Sean Sheffey Plan B re-release:
Interview with Sean Cliver
17 years. Man, oh man. I feel like I should be 65 years old or something, looking back on the Sean Sheffey board on the left and remembering it hanging on the wall at my local skate shop when it first came out 17 years ago. A lot has changed over the last decade-and-a-half-and-a-little-bit, for the company, for Sheffey and for skateboarding in general, but what hasn’t changed is that this Plan B graphic, designed by Sean Cliver, is still super awesome and I am still as much of a fan of it now as I was way back when. In the month of February, Plan B is re-releasing it in the two shapes pictured right, with proceeds going towards Mr Sheffey himself. I asked Cliver a few questions about it…
Bob K: When did the original Sheffey board come out?
Sean Cliver: Somewhere around early 1992. It was the one and only Plan B graphic that I did after I’d landed in the loosely defined art department over at World Industries back then. Plan B was the newest kid on the block to be distributed by Steve Rocco and I wasn’t yet hip to all the inner-politics. But after I did the Sheffey graphic, Natas Kaupas said he wouldn’t be able to use me for any further 101 work if I continued to do stuff for Plan B. I understood where he was coming from. World, Blind, and 101 had already started to take on a somewhat homogeneous look with all of Marc McKee’s graphics (not that this is a bad thing, mind you), and to add another company to the mix wouldn’t do much for brand identity. So I simply opted to not do any further work for Plan B, as I much preferred working with Natas and his concepts for 101.

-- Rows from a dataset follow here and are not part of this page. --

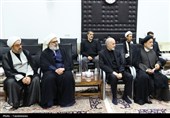 دیدار پزشکیان با آیت‌الله سعیدی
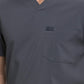 Men's 1-Pocket Tuckable V-Neck Scrub Top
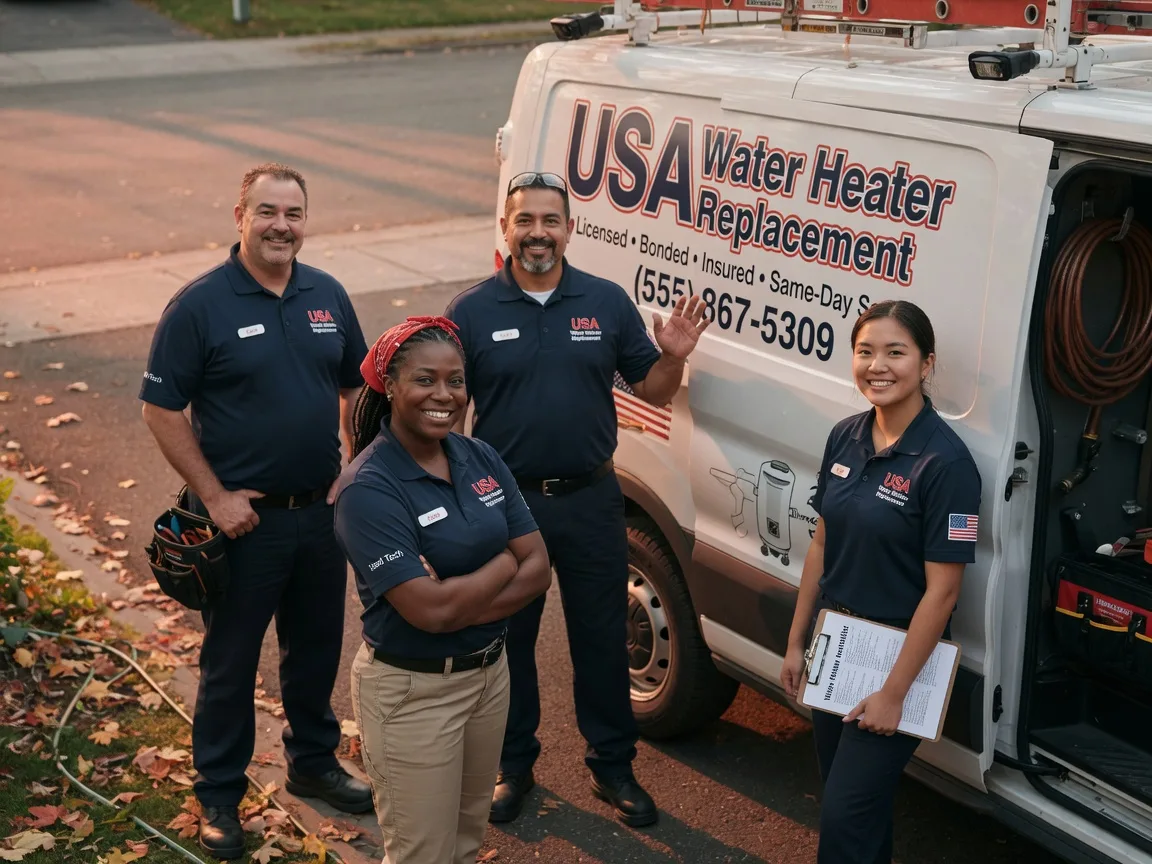 Water Heater Replacement company in Springhill, LA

What’s the story behind the design?
I’d always liked the old Jimi Hendrix poster with all the crazy wires coming out of his head, and for whatever reason I took this image and adapted it to the monkey vivisection process. It wasn’t drawn for Sheffey in particular. It was just a random drawing that I felt worked well on a board shape. Mike Ternasky saw the sketch when he was up at the World offices one day and wanted to use it for a Sheffey model. Back then, graphics were moving so fast that guys would take whatever was readily available. Like the time Jeff Tremaine came by for his job interview for Big Brother magazine. In addition to his sample layouts, he’d brought some slides of his paintings, and I’m pretty sure Ternasky and Rocco spent the bulk of the interview dividing up what artwork they wanted to use on various slick bottoms for Plan B and Blind. So it was a rather profitable job interview for Tremaine, you could say.
How did this re-release come about?
Somewhere in 2007, Jody Morris contacted me and asked if I still had the artwork to the old Sheffey board and, if so, if they could use it for a special board with all the proceeds going to benefit Sean, who had apparently (and unfortunately) fallen on hard times. I’d long since sold the original artwork, but it was one of the few I’d scanned before doing so. I apologized for not having the computer skills (or time) to color it up myself, but said they were welcome to go off the original board colors if they wanted to separate it on their end. Apparently they didn’t, hence the one-color print, and I’m actually glad they didn’t knock off the original production look.